[Caption-style text data]
= Beginning of Section =
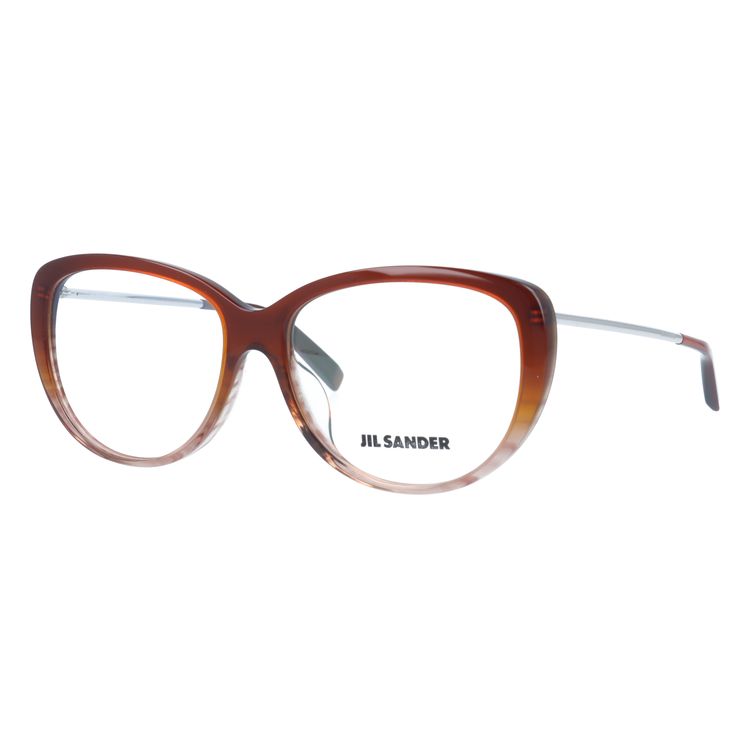 【選べる15色 ライトカラーレンズ】ジルサンダー ライトカラーレンズ サングラス JIL SANDER メンズ レディース J4003-N 56サイズ アジアンフィット レディース ウェリントン型 UVカット 紫外線 ラッピング無料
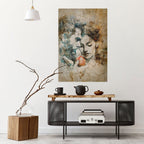 WHISPERS OF TEMPTATION Poster Vertical Autocolante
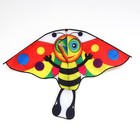 Воздушный змей «Пчёлка», с леской, цвета МИКС - фото 9180612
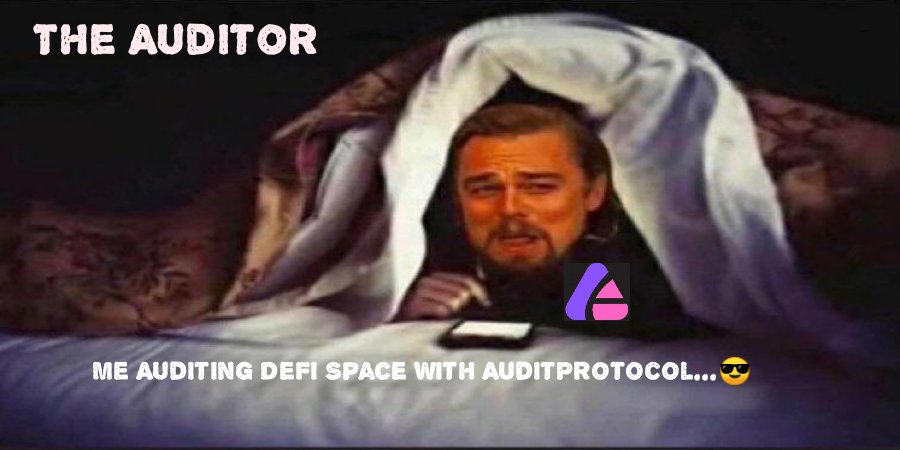 lens_sats's tweet image. Me The AUDITOR !! Auditing Smart Contracts To Avoid Rugpulles And Scams In The DeFi Space With @AuditProtocol Tools...🤩😎
auditprotocol.io

#Audit #AuditProtocol #AuditCampaign

@SBF_Alameda 
@cz_binance 
@IvanOnTech 
@fonship 
@cryptofrog202 
@dreamracer_pro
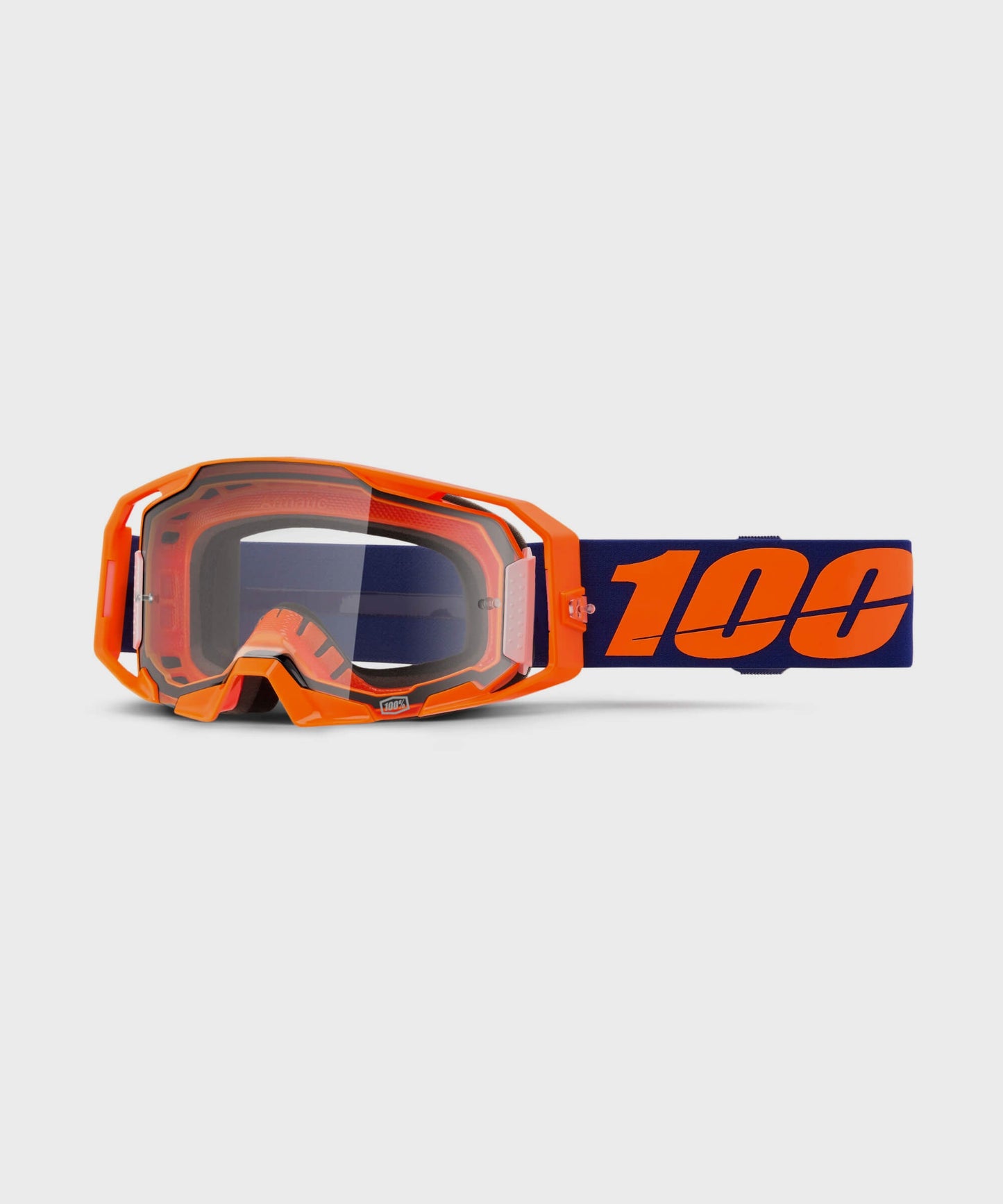 100% ARmatic Goggles Black / Clear Lens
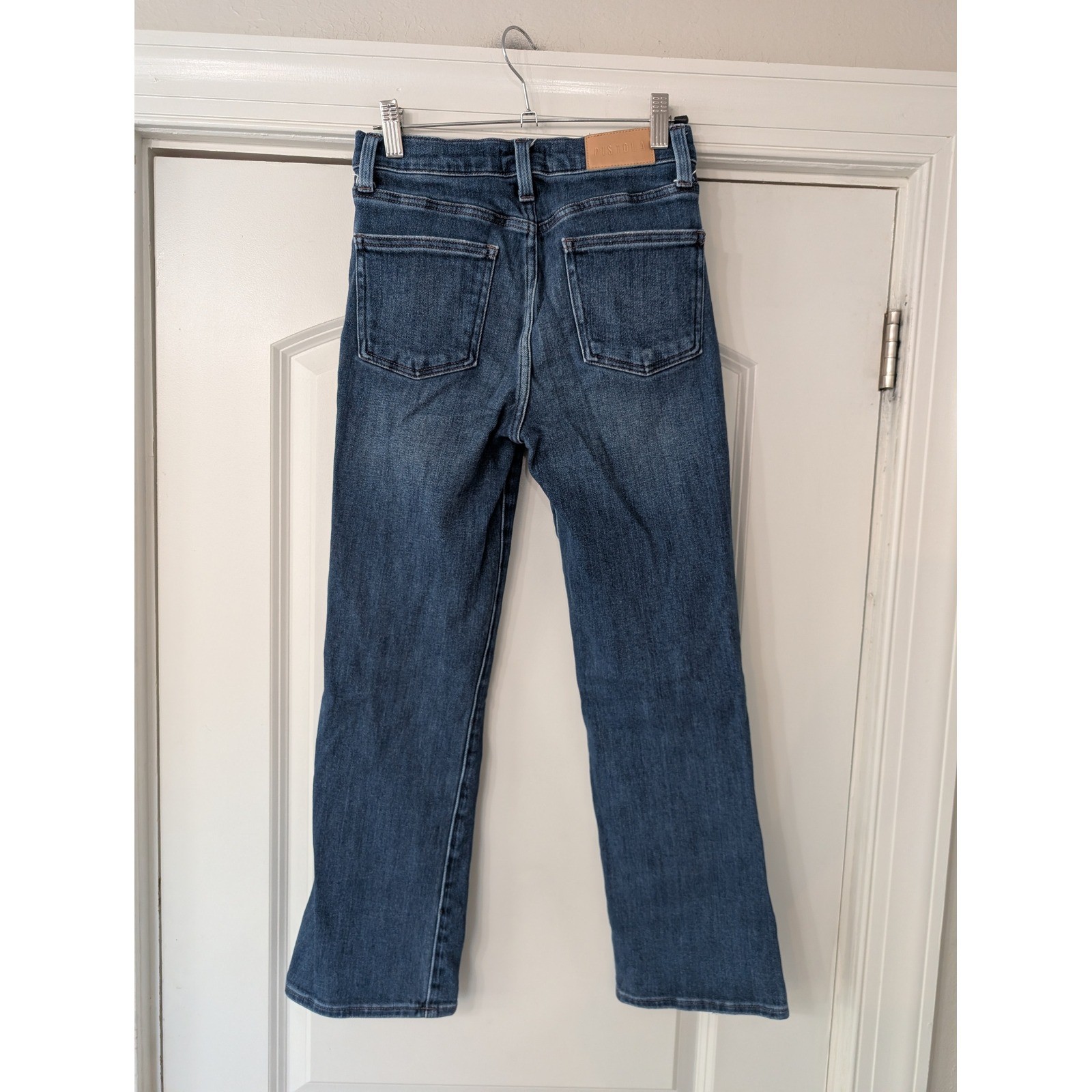 Pistola Roselyn High Rise Straight Leg Jeans Womens Size 25 minimalist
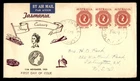 Mayfairstamps Australia FDC 1953 stamp centenary air mail First Day Cover aax_91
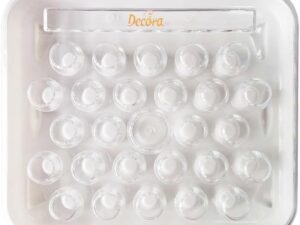 Decora Scatola Portacornetti 26 Cavità Plastica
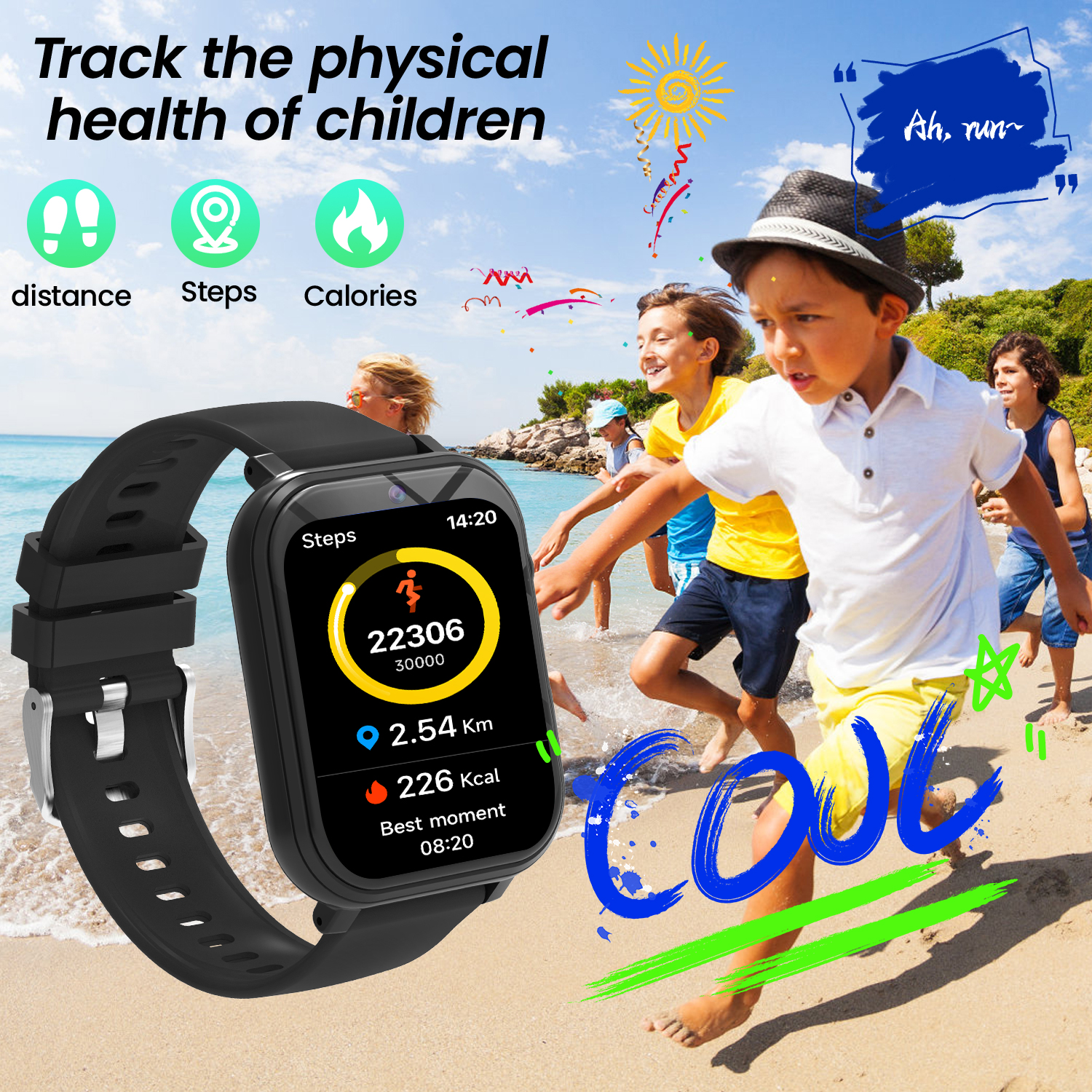 Kids Smart Watch with Camera f - Kids Education Steps recensie en prijs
= End of Section =
▶ WORK TO COMPLETE
Give again exactly the lines from the one holding "Decora Scatola Portacornetti" to the final line of the records, both ends included, and nothing more. Pictures do not belong in the copy.

▶ PROBLEM SOLUTION
 Decora Scatola Portacornetti 26 Cavità Plastica
 Kids Smart Watch with Camera f - Kids Education Steps recensie en prijs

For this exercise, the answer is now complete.